112th United States Colored Infantry (US)

aka: Fifth Arkansas Volunteer Infantry (African Descent)

The 112th United States Colored Infantry was a United States Colored Troops (USCT) regiment formed in Arkansas during the Civil War. Consisting of former slaves, the unit was originally known as the Fifth Arkansas Volunteer Infantry (African Descent).

The arrival of Federal troops in the state in 1862 brought hundreds of former slaves into Union lines. After the Army of the Southwest took the Mississippi River port of Helena (Phillips County), thousands of slaves made their way to the city and to the protection of the Union forces. Taking advantage of this source of manpower, Federal authorities began to organize military units of freedmen in 1863. The First Arkansas Volunteer Infantry Regiment (African Descent) was formed in April 1863 in Helena. Other units soon followed, and after the fall of Little Rock (Pulaski County) to Union forces in September 1863, more units were formed in the city.

The Fifth Arkansas began recruiting in May 1864. Over the rest of the year, only about 400 men joined the unit—a number substantially lower than the required 1,000 needed to form a complete regiment. The commanding officer of the Fifth Arkansas—which was organized into four companies—was Lieutenant Colonel John G. Gustafson, who previously served in the Third Minnesota Infantry.
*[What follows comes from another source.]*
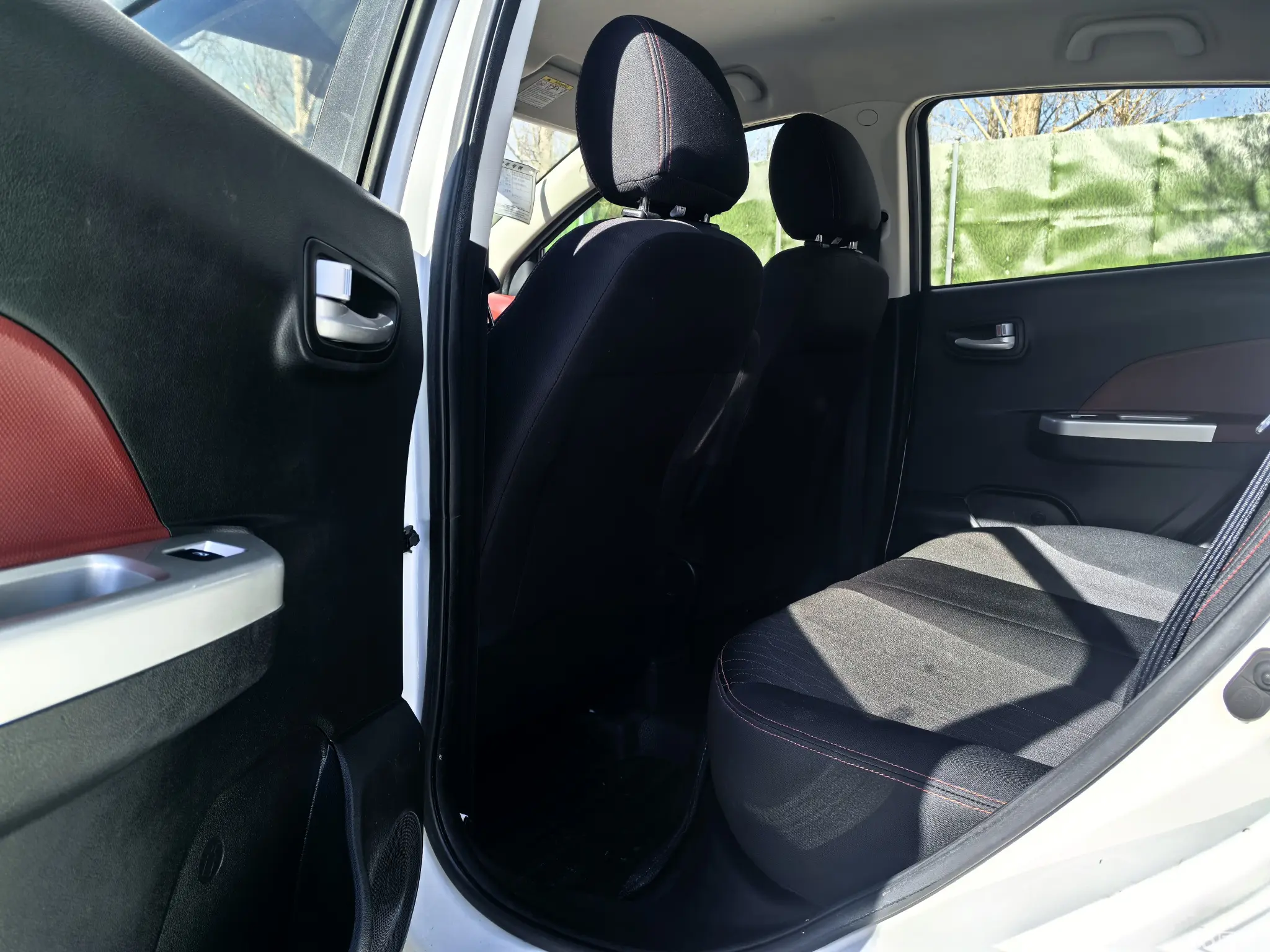 Changan BenBen 2016 car image #7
The Fifth Arkansas spent most of its time performing physical labor rather than drilling or completing other military duties. When it first began its service, it was not part of a larger brigade. Assigned to the First Division of the Seventh Corps, the regiment’s name was changed to the 112th United States Colored Infantry by August 31, 1864.

The entire term of service for the regiment was spent working on a variety of tasks in Little Rock. Part of the regiment participated in one skirmish near Hickory Station when a train was derailed by Confederate forces. On February 1, 1865, the 112th joined the second brigade of the First Division. This brigade consisted of six USCT units. The 112th never recruited enough men to become a full-strength regiment but did gain an additional company to bring its total to five companies. In order to better manage the unit, the 112th consolidated with the 113th United States Colored Infantry and the Eleventh United States Colored Infantry on April 1, 1865. This regiment was known as 113th USCT (New), and it continued to serve in the Little Rock area until it was disbanded on April 9, 1866.

For additional information:
Gladstone, William. United States Colored Troops, 1863–1867. Gettysburg, PA: Thomas Publications, 1990.

Longacre, Edward G. “Letters from Little Rock of Captain James M. Bowler, 112th United States Colored Troops.” Arkansas Historical Quarterly 40 (Autumn 1981): 235–248.

David Sesser
Henderson State University


    My great-great-grandfather was the captain who was in the skirmish at Hickory Station, and I recently discovered a report from him describing it, which is exciting. Richard Curtis Custard was his name.